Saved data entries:
━━━━━━

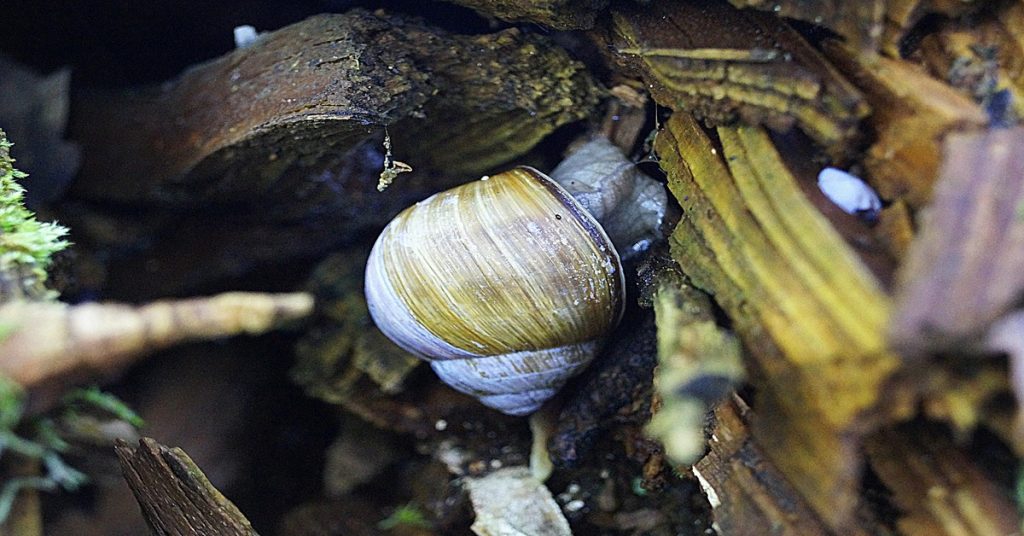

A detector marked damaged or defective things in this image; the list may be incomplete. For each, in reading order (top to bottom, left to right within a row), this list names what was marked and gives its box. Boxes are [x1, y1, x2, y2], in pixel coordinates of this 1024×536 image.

splintered wood [610, 0, 868, 157]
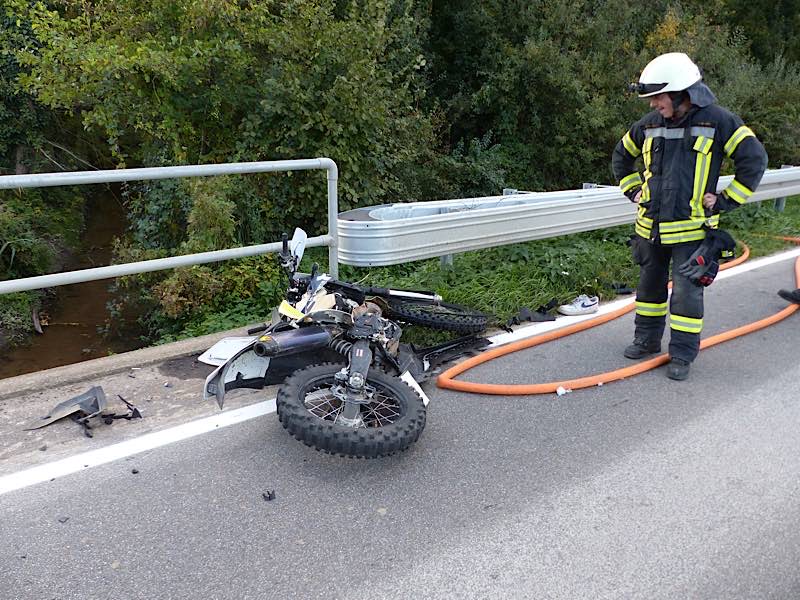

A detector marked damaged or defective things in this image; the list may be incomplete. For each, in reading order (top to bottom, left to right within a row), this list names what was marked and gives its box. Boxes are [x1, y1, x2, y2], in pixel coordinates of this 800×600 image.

bent metal barrier [0, 158, 340, 294]
bent metal barrier [1, 162, 800, 292]
wrecked motorcycle [202, 227, 488, 458]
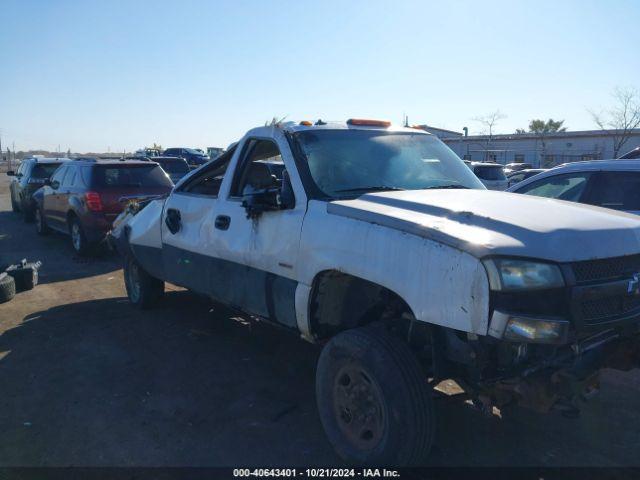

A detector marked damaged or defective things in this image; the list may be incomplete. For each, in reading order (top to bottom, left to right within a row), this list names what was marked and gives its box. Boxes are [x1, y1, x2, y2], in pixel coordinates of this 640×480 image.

damaged white truck [112, 119, 640, 464]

━━━━━━

* _Work task_: Your task is to transcribe exactly the lines from the one with "this 640×480 image." through the end of the data, both included, and nothing besides.

* _Answer section_:
A detector marked damaged or defective things in this image; the list may be incomplete. For each, in reading order (top to bottom, left to right within a row), this list names what was marked and gives its box. Boxes are [x1, y1, x2, y2], in pixel coordinates of this 640×480 image.

damaged white truck [112, 119, 640, 464]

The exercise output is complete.